**Activity**
What is needed is an exact copy of the entries below, with every picture left out.

#### Extracted records

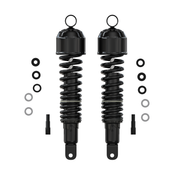 Universal All Black Shock Absorber Set 335mm Eye to Clevis
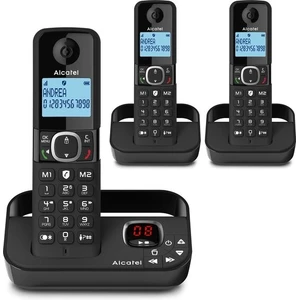 Alcatel F860 Voice TRIO NEU DECT-Telefon Anrufer-Identifikation Schwar...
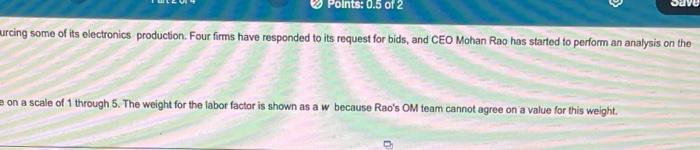 ndidate. 2 Selection Criterion Labor Quality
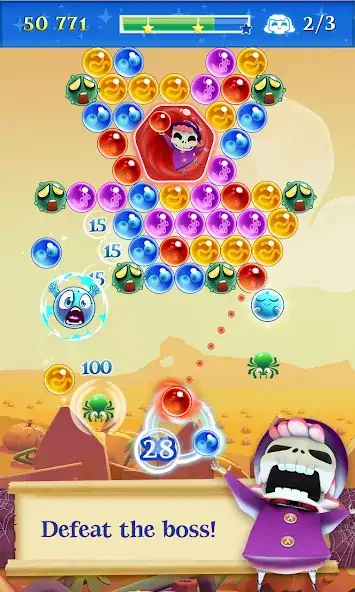 Скачать Bubble Witch 2 Saga [MOD Бесконечные деньги] на Андроид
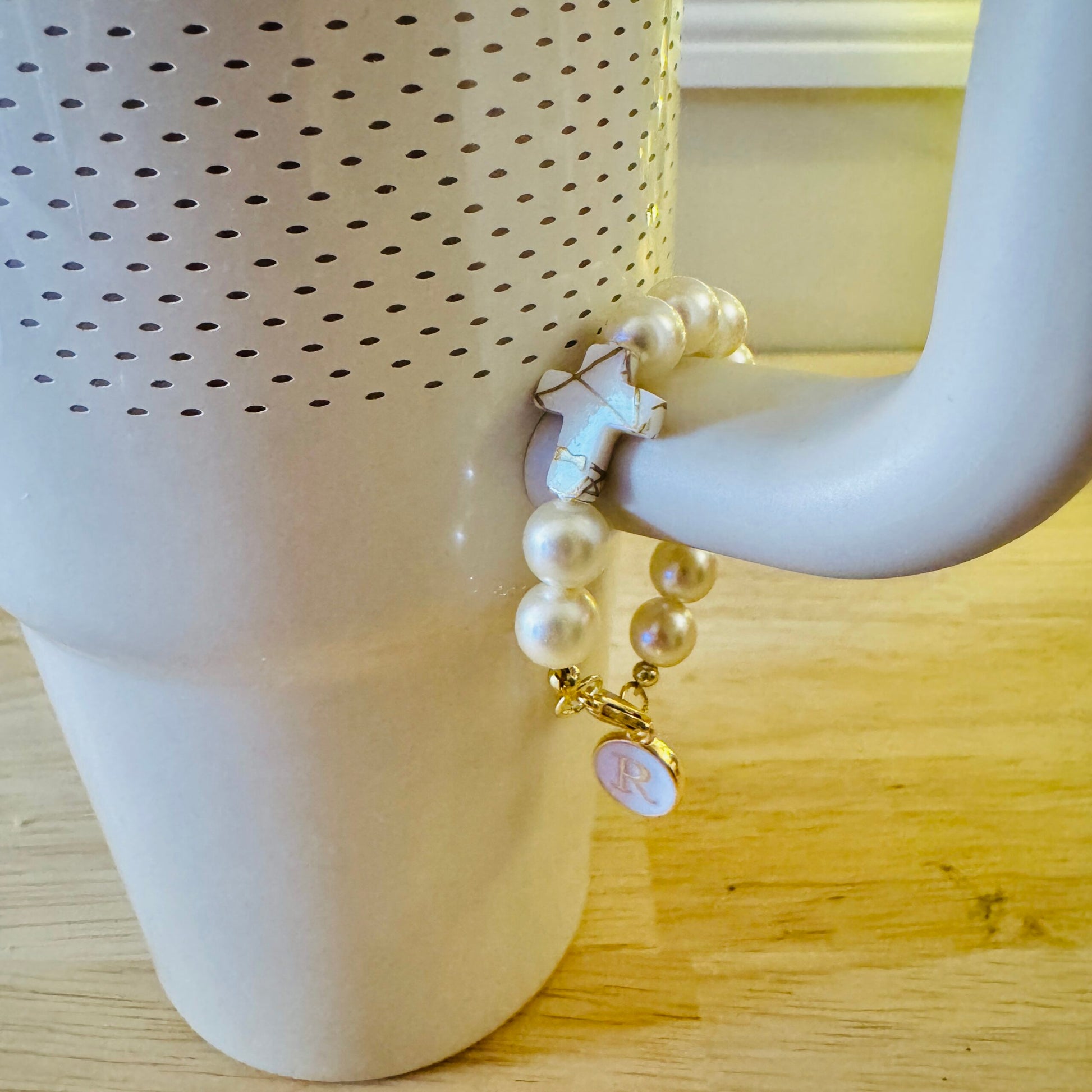 Rosary Tumbler Handle Charm - Customizable (Copy) image 1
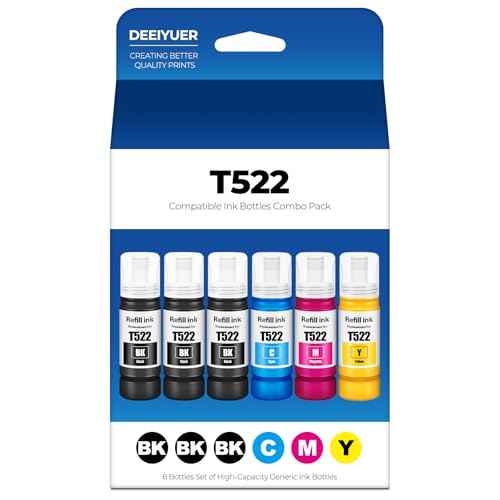 522 Ink Refill Bottles ET-2800 ET-4800 ET-2400 ET-2803 Replacement for Eco Tank 522 Ink Bottles Use for Eco Tank ET-2400 ET-2720 ET-2800 ET-2803 ET-2840 ET-4800 ET-4810 ET 2400 ET 2800 ET 4800 Printer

########

**Solution to this problem**
 Universal All Black Shock Absorber Set 335mm Eye to Clevis
 Alcatel F860 Voice TRIO NEU DECT-Telefon Anrufer-Identifikation Schwar...
 ndidate. 2 Selection Criterion Labor Quality
 Скачать Bubble Witch 2 Saga [MOD Бесконечные деньги] на Андроид
 Rosary Tumbler Handle Charm - Customizable (Copy) image 1
 522 Ink Refill Bottles ET-2800 ET-4800 ET-2400 ET-2803 Replacement for Eco Tank 522 Ink Bottles Use for Eco Tank ET-2400 ET-2720 ET-2800 ET-2803 ET-2840 ET-4800 ET-4810 ET 2400 ET 2800 ET 4800 Printer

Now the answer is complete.